Information provided Block Start

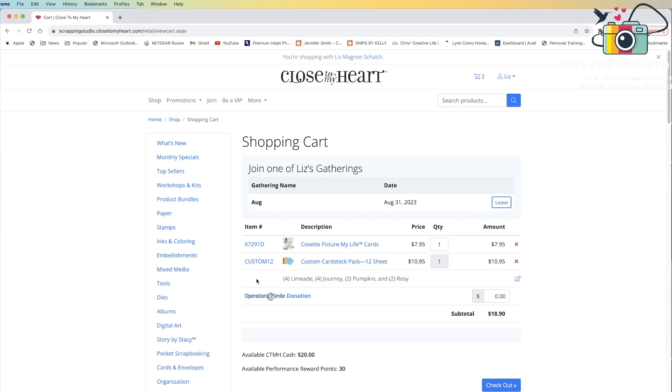This is really helpful when you just need to order a few sheets of a specific color and you don't need a full 24-pack of cardstock. It's also helpful, especially at the beginning of the year when we are launching our new colors, so that you can get just a sampling of some of those new colors but not necessarily commit to a full 24-pack of paper. Hopefully this was helpful, and thanks so much for watching.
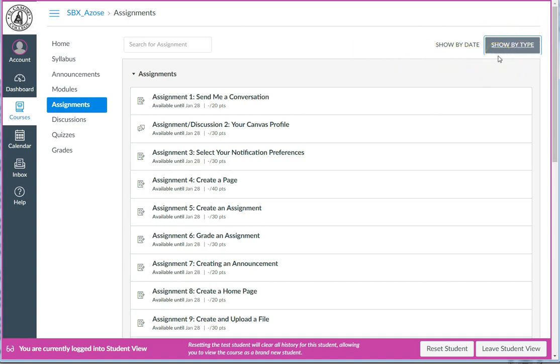If your class is like this one, where there's only one hard due date at the end of the term, you might want to tell your students to switch to this Show by Type view at the beginning of the class so that they aren't confused by an out-of-order jumble of assignments when they click on the Assignments tab.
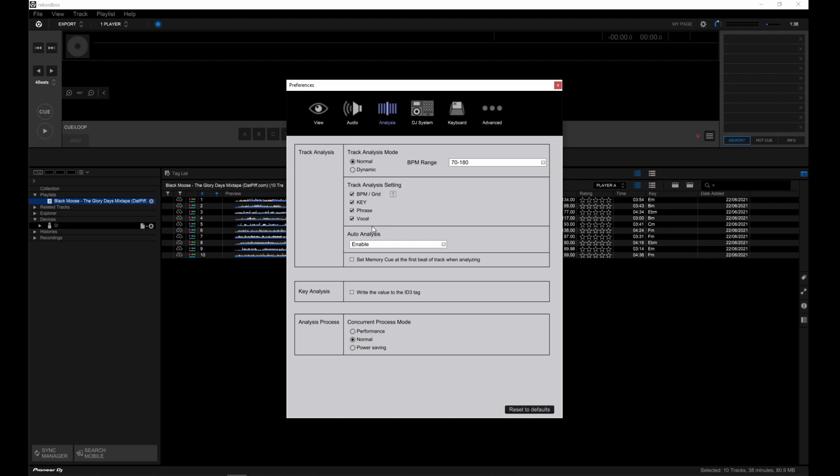When I initially drag the tracks into Rekordbox, it automatically analyzed the tracks. You can disable this under auto analysis. You can also set the memory queue at the first speed of track when analyzing. Some people may not want this, which is why it's unchecked.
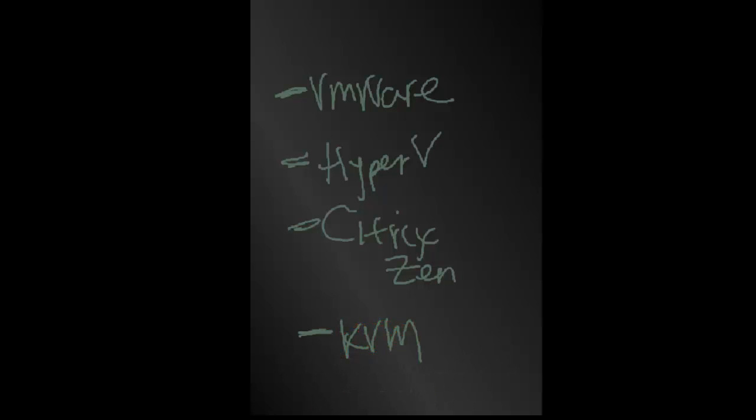All of these are what we call hypervisors. And what that essentially means is that the hypervisor itself works with the hardware, the physical hardware to provide services.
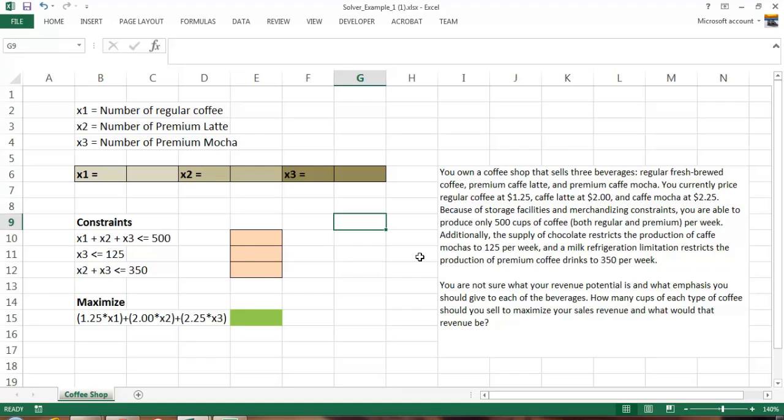The next sentence gives us our first indication that we have a constraint. The constraint is because of storage facilities in our small coffee shop, we can only produce a total of 500 cups of coffee a week. Additionally, we have some chocolate constraints, maybe because we can only afford to buy so much chocolate, and that constraint leads us to only be able to produce 125 cups of cafe mocha or less.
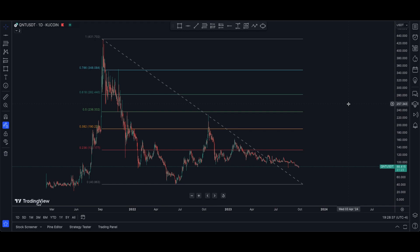Where do you guys think Quant goes from here? Are we going to see new all-time highs? Are we going to bounce around in this range for a while? Please let me know — I'm dying to hear your opinions on Quant. Are you adding to your bag? Are you holding off? Are you waiting to see new all-time highs before you put any money into it? Let me know what you're thinking down below. And as always, if you have any projects you want me to do a deep dive on, please comment down below. Until then, we'll see you guys next time.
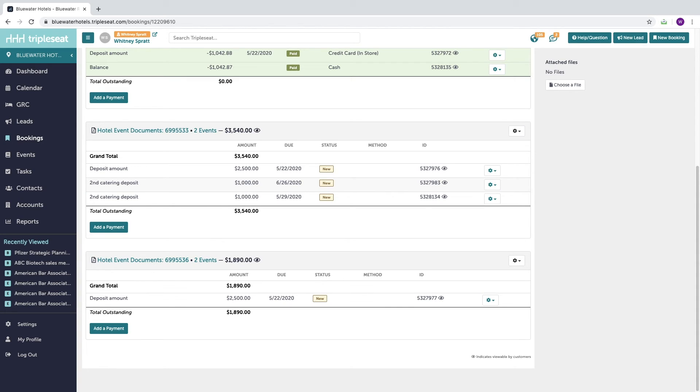If you do choose to integrate with Stripe or BluePay, then your customers will easily be able to make payments directly from their documents or guest portal, and these payments will automatically reflect here on the payments tab.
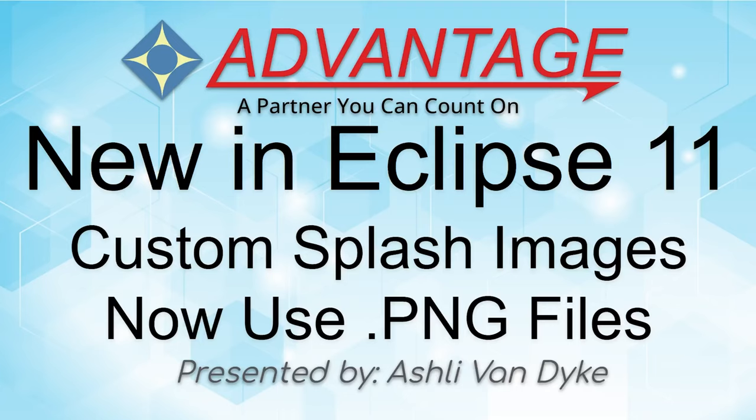Hello and thank you for watching. I'm Ashley Van Dyke with Advantage Software, and on today's video, I'm going to show you another change in Eclipse 11, and that is, starting in Eclipse 11, custom splash images now use PNG files. They previously used JPG files, and so this is a bit of a change. Let me show you.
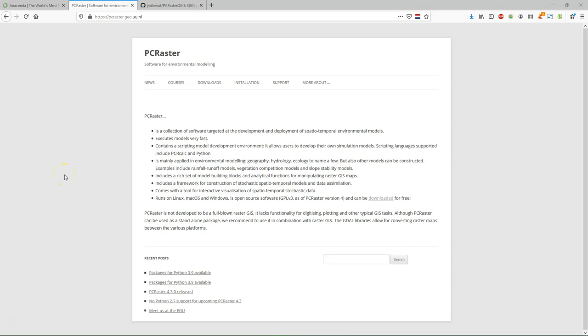Hello, this is Hans van der Kwaust, senior lecturer at IHE Delft Institute for Water Education. In this video I'm going to show you how you can use PCRaster within QGIS and even make tools that use the operations that you can do with PCRaster.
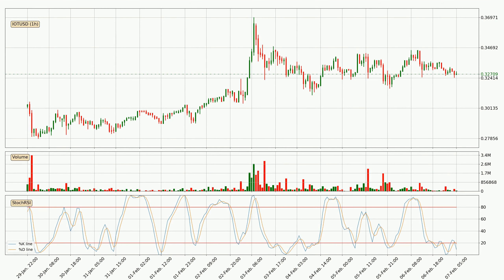Jumping to the hourly stochastic RSI, we can see that the crypto is being oversold because the %K and %D lines are in the lower region. A change in the trend can be expected, or for the crypto to remain at least stable for some time. You should wait to see if there will be an upward trend because the %K line has not yet crossed the %D line.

Information provided Block End

### Task statement:
Pictures stay out; copy every entry above exactly.

### Result of this task:
This is really helpful when you just need to order a few sheets of a specific color and you don't need a full 24-pack of cardstock. It's also helpful, especially at the beginning of the year when we are launching our new colors, so that you can get just a sampling of some of those new colors but not necessarily commit to a full 24-pack of paper. Hopefully this was helpful, and thanks so much for watching.
If your class is like this one, where there's only one hard due date at the end of the term, you might want to tell your students to switch to this Show by Type view at the beginning of the class so that they aren't confused by an out-of-order jumble of assignments when they click on the Assignments tab.
When I initially drag the tracks into Rekordbox, it automatically analyzed the tracks. You can disable this under auto analysis. You can also set the memory queue at the first speed of track when analyzing. Some people may not want this, which is why it's unchecked.
All of these are what we call hypervisors. And what that essentially means is that the hypervisor itself works with the hardware, the physical hardware to provide services.
The next sentence gives us our first indication that we have a constraint. The constraint is because of storage facilities in our small coffee shop, we can only produce a total of 500 cups of coffee a week. Additionally, we have some chocolate constraints, maybe because we can only afford to buy so much chocolate, and that constraint leads us to only be able to produce 125 cups of cafe mocha or less.
Where do you guys think Quant goes from here? Are we going to see new all-time highs? Are we going to bounce around in this range for a while? Please let me know — I'm dying to hear your opinions on Quant. Are you adding to your bag? Are you holding off? Are you waiting to see new all-time highs before you put any money into it? Let me know what you're thinking down below. And as always, if you have any projects you want me to do a deep dive on, please comment down below. Until then, we'll see you guys next time.
If you do choose to integrate with Stripe or BluePay, then your customers will easily be able to make payments directly from their documents or guest portal, and these payments will automatically reflect here on the payments tab.
Hello and thank you for watching. I'm Ashley Van Dyke with Advantage Software, and on today's video, I'm going to show you another change in Eclipse 11, and that is, starting in Eclipse 11, custom splash images now use PNG files. They previously used JPG files, and so this is a bit of a change. Let me show you.
Hello, this is Hans van der Kwaust, senior lecturer at IHE Delft Institute for Water Education. In this video I'm going to show you how you can use PCRaster within QGIS and even make tools that use the operations that you can do with PCRaster.
Jumping to the hourly stochastic RSI, we can see that the crypto is being oversold because the %K and %D lines are in the lower region. A change in the trend can be expected, or for the crypto to remain at least stable for some time. You should wait to see if there will be an upward trend because the %K line has not yet crossed the %D line.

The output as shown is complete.